And if the same person sins against you seven times a day, and turns back to you seven times and says, ‘I repent,’ you must forgive.” The apostles said to the Lord, “Increase our faith!” Luke 17:4-5
“You will know that forgiveness has begun when you recall those who hurt you and feel the power to wish them well.” -Lewis Smedes
When Jesus abides underneath the wound in your heart, His love flows over that wound bringing healing and wholeness so that you can give that heart-healing forgiveness away to others. And when that happens you will the good of the wrongdoer.
It’s the Jesus way. When Jesus hung on the cross just before his death, do you remember what he said?
“Father, forgive them, for they do not know what they do.”
You’ll never be long-suffering until you see him going to the cross to suffer for you. You will never be able to forgive other people their little tiny debts toward you until you see him dying on the cross to pay your great debt. You’ll never stop being a judge, putting yourself in the judgment seat, till you see the real Judge of all the universe getting out of the judgment seat and coming down and going to court and being condemned and being tortured and killed for you.
Someone tells the story of Daniel. Daniel is big. He used to make his living by lifting weights and teaching others to do the same. A real-life “Incredible Hulk”.
Daniel worked in a weightlifting gym and dreamed of owning his own. The bank agreed to finance the purchase if he could find someone to cosign the note.
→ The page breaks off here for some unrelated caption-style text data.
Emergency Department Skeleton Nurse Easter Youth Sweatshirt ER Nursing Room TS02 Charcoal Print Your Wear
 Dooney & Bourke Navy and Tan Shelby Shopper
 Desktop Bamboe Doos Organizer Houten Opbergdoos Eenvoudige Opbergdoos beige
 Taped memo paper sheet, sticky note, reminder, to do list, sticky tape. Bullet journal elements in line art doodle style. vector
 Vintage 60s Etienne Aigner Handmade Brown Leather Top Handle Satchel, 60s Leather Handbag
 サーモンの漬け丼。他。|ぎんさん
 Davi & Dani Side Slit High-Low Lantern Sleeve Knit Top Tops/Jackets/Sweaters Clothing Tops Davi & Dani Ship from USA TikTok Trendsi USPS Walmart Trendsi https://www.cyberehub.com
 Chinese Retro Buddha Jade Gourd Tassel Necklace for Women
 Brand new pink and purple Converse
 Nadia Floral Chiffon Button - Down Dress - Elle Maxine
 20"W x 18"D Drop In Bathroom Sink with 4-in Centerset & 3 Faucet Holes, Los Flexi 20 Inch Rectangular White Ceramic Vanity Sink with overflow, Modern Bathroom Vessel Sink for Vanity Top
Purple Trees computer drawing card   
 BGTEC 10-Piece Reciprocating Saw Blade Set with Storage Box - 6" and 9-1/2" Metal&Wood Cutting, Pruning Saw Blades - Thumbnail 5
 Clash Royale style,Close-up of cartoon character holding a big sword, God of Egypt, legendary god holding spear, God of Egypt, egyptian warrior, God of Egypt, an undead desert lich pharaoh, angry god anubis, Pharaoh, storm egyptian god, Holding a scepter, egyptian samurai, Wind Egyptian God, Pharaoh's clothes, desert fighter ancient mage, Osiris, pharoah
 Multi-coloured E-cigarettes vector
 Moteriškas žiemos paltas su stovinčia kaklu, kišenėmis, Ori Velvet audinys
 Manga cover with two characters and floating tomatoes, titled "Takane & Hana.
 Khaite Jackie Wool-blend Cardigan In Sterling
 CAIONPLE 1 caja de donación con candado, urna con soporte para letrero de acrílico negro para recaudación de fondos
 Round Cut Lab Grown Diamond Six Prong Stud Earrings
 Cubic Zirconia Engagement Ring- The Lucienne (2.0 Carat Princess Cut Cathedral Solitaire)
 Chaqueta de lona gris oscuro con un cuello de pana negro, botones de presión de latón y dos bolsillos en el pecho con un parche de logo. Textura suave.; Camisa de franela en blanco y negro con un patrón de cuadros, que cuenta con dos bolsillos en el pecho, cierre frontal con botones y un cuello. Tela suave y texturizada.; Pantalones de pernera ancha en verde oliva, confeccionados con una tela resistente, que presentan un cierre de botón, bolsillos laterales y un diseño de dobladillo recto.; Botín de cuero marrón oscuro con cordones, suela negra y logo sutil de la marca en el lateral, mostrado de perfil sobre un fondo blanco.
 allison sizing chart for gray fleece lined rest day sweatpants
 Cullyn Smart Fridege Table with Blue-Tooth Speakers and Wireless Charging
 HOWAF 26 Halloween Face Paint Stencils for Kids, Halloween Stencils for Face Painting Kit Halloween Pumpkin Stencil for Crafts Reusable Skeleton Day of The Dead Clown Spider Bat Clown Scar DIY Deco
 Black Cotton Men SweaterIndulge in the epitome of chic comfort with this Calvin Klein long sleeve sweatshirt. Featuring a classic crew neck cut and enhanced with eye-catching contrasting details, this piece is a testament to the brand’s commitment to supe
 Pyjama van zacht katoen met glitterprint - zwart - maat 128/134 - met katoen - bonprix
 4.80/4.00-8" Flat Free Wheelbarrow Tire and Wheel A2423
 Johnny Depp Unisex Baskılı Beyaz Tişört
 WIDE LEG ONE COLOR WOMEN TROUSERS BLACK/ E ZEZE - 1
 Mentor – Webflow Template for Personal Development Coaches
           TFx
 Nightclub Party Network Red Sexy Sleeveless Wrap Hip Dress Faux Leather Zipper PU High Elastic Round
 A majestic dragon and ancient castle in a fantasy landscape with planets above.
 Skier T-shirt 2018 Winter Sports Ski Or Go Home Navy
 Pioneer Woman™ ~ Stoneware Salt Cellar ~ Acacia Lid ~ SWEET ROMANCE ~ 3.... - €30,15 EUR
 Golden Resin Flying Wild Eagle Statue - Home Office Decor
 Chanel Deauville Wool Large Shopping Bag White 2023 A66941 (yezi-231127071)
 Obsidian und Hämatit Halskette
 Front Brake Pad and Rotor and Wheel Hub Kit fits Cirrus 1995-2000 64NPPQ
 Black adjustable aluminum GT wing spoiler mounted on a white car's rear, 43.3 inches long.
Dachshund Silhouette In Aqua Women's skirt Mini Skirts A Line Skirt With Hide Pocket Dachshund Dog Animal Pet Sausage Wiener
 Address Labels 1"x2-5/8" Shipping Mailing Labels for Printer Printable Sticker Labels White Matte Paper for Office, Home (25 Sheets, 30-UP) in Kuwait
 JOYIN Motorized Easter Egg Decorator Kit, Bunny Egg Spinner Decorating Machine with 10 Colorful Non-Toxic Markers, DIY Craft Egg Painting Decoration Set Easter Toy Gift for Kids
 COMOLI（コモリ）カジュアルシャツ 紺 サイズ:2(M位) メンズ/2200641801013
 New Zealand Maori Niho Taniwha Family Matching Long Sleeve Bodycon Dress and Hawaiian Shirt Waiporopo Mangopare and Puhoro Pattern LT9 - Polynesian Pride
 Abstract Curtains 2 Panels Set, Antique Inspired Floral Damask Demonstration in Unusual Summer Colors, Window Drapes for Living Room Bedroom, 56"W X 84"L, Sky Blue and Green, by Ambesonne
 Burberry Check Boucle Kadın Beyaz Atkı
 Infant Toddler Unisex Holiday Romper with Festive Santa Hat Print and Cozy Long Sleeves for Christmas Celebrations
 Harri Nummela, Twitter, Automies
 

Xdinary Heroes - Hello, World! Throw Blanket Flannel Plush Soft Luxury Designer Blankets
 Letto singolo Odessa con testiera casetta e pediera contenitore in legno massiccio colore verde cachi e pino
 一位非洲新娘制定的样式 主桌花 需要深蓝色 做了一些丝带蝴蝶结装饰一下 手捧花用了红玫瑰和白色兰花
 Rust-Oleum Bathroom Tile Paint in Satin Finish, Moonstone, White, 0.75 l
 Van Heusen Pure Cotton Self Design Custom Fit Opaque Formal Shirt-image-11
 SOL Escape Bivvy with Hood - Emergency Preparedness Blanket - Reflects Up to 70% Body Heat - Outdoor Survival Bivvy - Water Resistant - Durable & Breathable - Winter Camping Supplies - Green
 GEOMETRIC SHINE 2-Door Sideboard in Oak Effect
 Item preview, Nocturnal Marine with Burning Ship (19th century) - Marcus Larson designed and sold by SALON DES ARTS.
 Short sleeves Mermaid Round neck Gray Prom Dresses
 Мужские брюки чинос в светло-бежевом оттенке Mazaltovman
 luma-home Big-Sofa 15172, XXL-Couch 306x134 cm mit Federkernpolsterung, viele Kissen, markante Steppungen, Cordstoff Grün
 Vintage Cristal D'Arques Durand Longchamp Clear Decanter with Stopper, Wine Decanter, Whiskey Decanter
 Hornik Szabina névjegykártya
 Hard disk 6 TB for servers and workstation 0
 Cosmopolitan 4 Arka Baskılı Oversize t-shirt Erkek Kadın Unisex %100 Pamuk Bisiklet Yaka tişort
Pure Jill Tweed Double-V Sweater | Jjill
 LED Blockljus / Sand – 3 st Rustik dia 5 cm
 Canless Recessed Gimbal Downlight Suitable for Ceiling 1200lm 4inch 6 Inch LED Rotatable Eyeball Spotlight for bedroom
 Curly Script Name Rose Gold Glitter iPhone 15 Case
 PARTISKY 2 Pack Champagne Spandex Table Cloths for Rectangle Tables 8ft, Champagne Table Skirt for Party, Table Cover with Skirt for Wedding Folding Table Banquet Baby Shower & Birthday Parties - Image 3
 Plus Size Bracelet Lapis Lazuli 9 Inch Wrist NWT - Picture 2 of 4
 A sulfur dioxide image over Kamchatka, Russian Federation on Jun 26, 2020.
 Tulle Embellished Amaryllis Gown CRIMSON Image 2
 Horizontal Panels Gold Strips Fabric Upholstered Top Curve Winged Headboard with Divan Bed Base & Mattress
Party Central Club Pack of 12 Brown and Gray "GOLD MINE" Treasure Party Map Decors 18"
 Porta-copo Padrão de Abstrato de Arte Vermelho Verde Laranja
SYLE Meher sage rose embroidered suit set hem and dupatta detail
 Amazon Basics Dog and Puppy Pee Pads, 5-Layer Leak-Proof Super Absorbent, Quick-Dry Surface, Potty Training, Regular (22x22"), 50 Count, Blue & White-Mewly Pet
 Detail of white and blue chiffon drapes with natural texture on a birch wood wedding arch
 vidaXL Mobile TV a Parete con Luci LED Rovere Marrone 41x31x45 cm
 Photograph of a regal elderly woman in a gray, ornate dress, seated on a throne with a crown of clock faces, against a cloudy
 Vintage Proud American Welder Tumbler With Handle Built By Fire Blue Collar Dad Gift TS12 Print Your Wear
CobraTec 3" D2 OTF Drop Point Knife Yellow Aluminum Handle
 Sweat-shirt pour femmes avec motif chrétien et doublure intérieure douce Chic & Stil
His brother agreed.
They filled out all the paperwork and waited for approval. Everything went smoothly, and Daniel soon received a call from the bank telling him he could come and pick up the check. As soon as he got off work, he went to the bank.
When the loan officer saw Daniel, he looked surprised and asked Daniel why he had come.
“To pick up the check,” Daniel explained.
“That’s funny. Your brother was in here earlier. He picked up the money and used it to retire the mortgage on his house.”
Daniel was incensed. He never dreamed his own brother would trick him like that. He stormed over to his brother’s house and pounded on the door. The brother answered the door with his daughter in his arms. He knew Daniel wouldn’t hit him if he was holding a child.
He was right. Daniel didn’t hit him. But he promised his brother that if he ever saw him again, he would break his neck.
Daniel went home, his heart bruised and ravaged by the trickery of his own brother. He had no other choice but to go back to the gym and work to pay off the debt.
A few months later, Daniel met a young girl who led him to faith in Jesus Christ. Soon Daniel was involved in a local church and learning all he could about his Lord.
But though Daniel had been forgiven so much, he still found it impossible to forgive his brother. The wound was deep. He didn’t see his brother for 2 years. Daniel couldn’t bring himself to look into the face of the one who had betrayed him. And his brother liked his own face too much to let Daniel see it.
But an encounter was inevitable. Both knew they would eventually run into each other. And neither knew what would happen then.
The encounter occurred one day on a busy street. Listen to how Daniel tells it:
I saw him, but he didn’t see me. I felt my fists clench and my face get hot. My initial impulse was to grab him around the throat and choke the life out of him.
But as I looked into his face, my anger began to melt. As I saw him, I saw the image of my father. I saw my father’s eyes. I saw my father’s look. I saw my father’s expression. And as I saw my father in his face, my enemy once again became my brother.
Daniel walked toward him. The brother stopped, turned, and started to run, but he was too slow. Daniel reached out and grabbed his shoulder. The brother winced, expecting the worst. But rather than have his throat squeezed by Daniel’s hands, he found himself hugged by Daniel’s big arms. And the two brothers stood in the middle of the river of people and wept.
Daniel’s words are worth repeating: “As I saw my Father in his face, my enemy once again became my brother.”
Try that. The next time you see or think of the one who broke your heart, look twice. As you look at his face, look also for His face—the face of the One who forgave you. Look into the eyes of the King who wept when you pleaded for mercy. Look into the face of the Father who gave you grace when no one else gave you a chance. Find the face of God who forgives in the face of your enemy. And then, because God has forgiven you more than you’ll ever be called on to forgive in another, set your enemy—and yourself —free.